Quali sono gli aspetti positivi e negativi dell’accordo raggiunto?

Assistiamo, come scrivono gli amici di Avaaz che si sono attivati anche per la marcia mondiale del 29 novembre, a una lettura positiva perché si avvia un processo che riconosce all’unanimità la necessità di limitare ‘ben sotto i 2 gradi centigradi’ l’aumento della temperatura entro questo secolo. Questo è certamente un aspetto utile perché ci consentirà sviluppare una forte azione mondiale per obbligare Governi, Parlamenti e imprese verso l’unica scelta possibile: l’abbandono definitivo dei combustibili fossili in favore di un mondo 100% a energia rinnovabili.

Certamente è negativo che le multinazionali del petrolio siano riuscite a bloccare ogni decisione sull’abolizione, che ritengo assolutamente doverosa, dei circa 500 miliardi di dollari annui di sussidi ai combustibili fossili. Una cifra assurda se si pensa che l’accordo di Parigi ritenga di aver raggiunto un grande risultato nell’aver previsto 100 miliardi di dollari l’anno, che chissà quando saranno davvero stanziati, per aiutare i paesi più poveri e fragili verso uno sviluppo a basso, o zero, impatto ambientale.

Lei ha scritto che almeno i rappresentanti della Rainforest Alliance che ha incontrato erano contenti per gli impegni contro la deforestazione. Non le sembra anche questo un traguardo raggiunto?

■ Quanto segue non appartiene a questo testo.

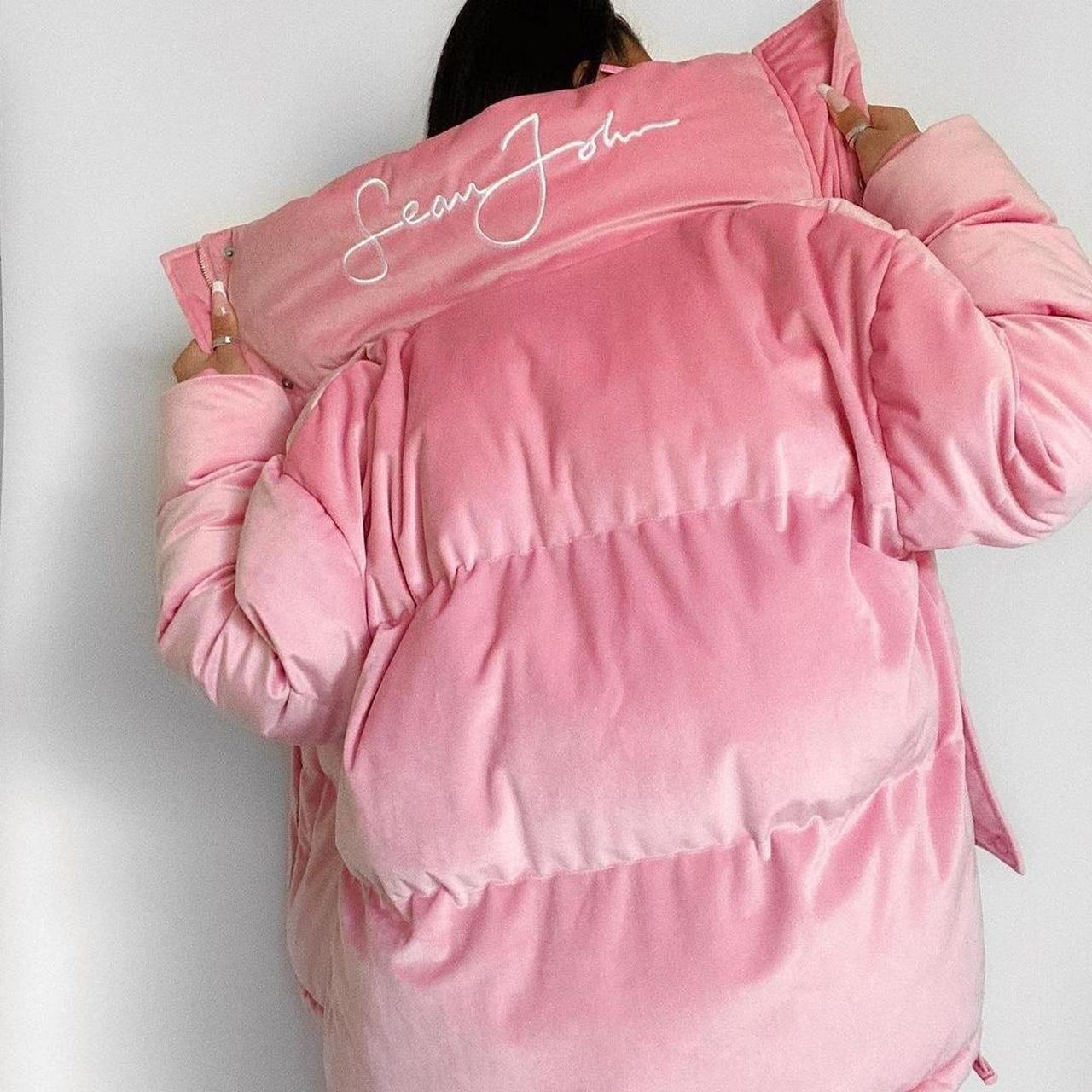 Missguided Pink velour puffer jacket missguided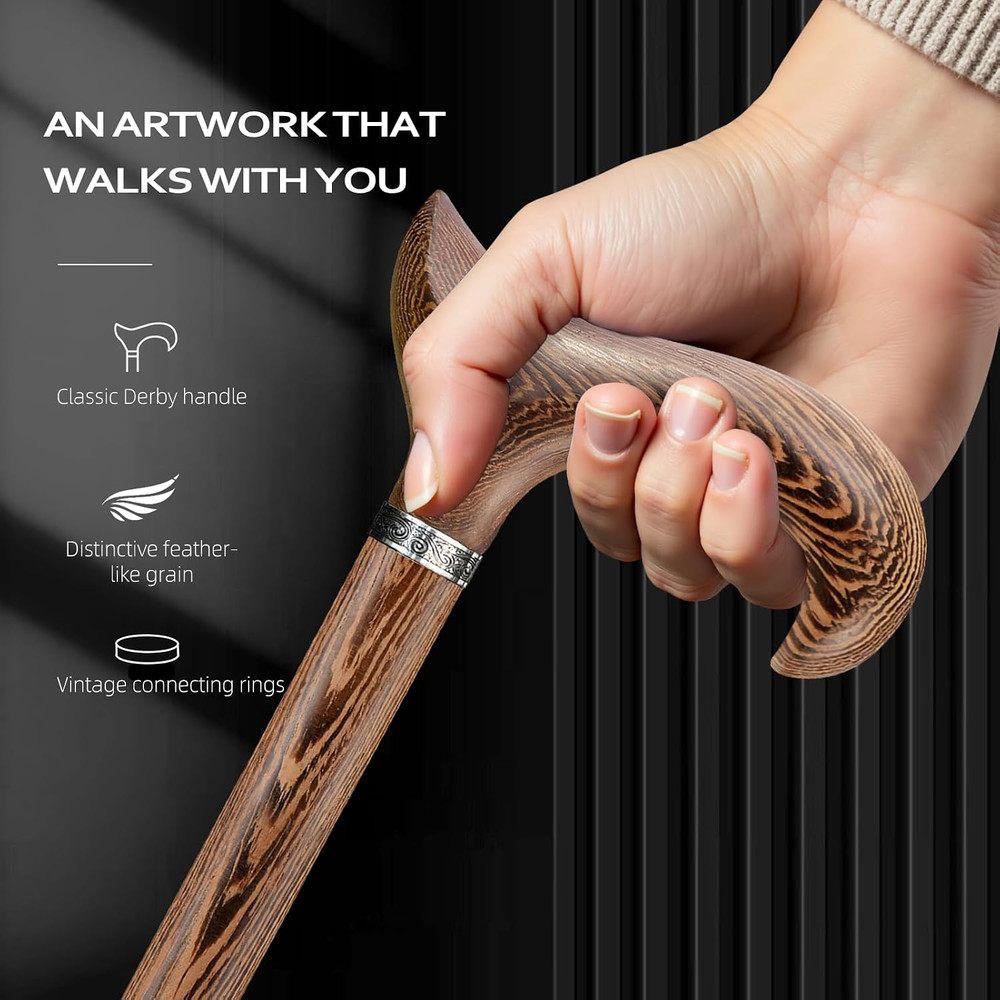 Walking Cane, Available in Multiple Inches Wooden Cane Support up to 300 Lbs,…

Sarebbe sbagliato scoraggiarsi. Se non vi fosse stato nessun accordo a Parigi sarebbe stato un disastro. Queste conferenze seppur molto dispersive, per molti addirittura inutili, hanno il grande merito di obbligare tutti i Governi del mondo a confrontarsi e impegnarsi sul fronte del cambiamento climatico. Perfino le multinazionali (tranne quelle petrolifere ovviamente) stanno cercando di disegnare strategie per un futuro senza combustibili fossili. Tra i punti positivi c’è per esempio l’impegno a favore della difesa delle foreste che seguo con grande attenzione da quando durante la Conferenza di Nairobi garantii il mio appoggio al delegato della Papua – Nuova Guinea e alla coalizione dei paesi che conservano per tutti noi le grandi foreste primarie del nostro Pianeta. Durante questa COP21 finalmente li ho visti un po’ più fiduciosi sulle azioni concrete per fermare la deforestazione, anche se alla fine solo il piccolo Bhutan che ha scelto come indice economico non il PIL ma il FIL (Felicità interna lorda) si è impegnato a mantenere per sempre coperto di foreste almeno il 60% del proprio territorio nazionale, come patrimonio collettivo dee mondo.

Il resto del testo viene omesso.